>>

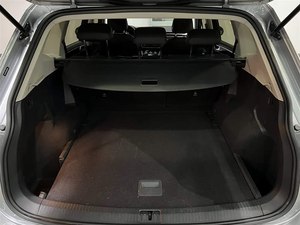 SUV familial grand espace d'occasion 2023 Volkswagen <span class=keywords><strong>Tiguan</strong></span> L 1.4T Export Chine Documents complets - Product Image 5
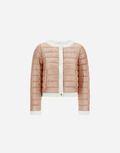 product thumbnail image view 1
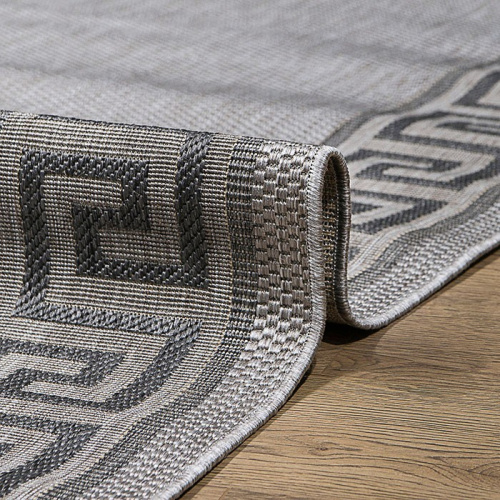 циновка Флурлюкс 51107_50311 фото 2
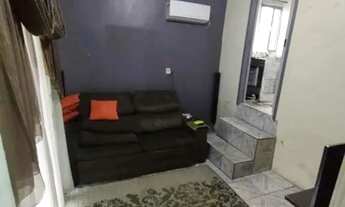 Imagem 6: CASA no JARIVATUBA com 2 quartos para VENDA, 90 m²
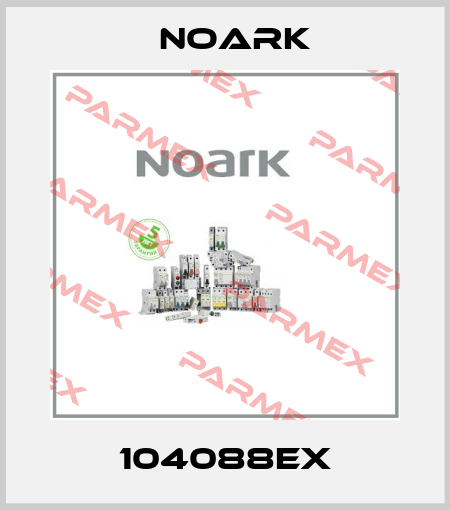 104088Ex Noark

<<

### [Work instructions]
Repeat every line above exactly, minus the pictures.

### [Answer to this exercise]
 SUV familial grand espace d'occasion 2023 Volkswagen <span class=keywords><strong>Tiguan</strong></span> L 1.4T Export Chine Documents complets - Product Image 5
 product thumbnail image view 1
 циновка Флурлюкс 51107_50311 фото 2
 Imagem 6: CASA no JARIVATUBA com 2 quartos para VENDA, 90 m²
 104088Ex Noark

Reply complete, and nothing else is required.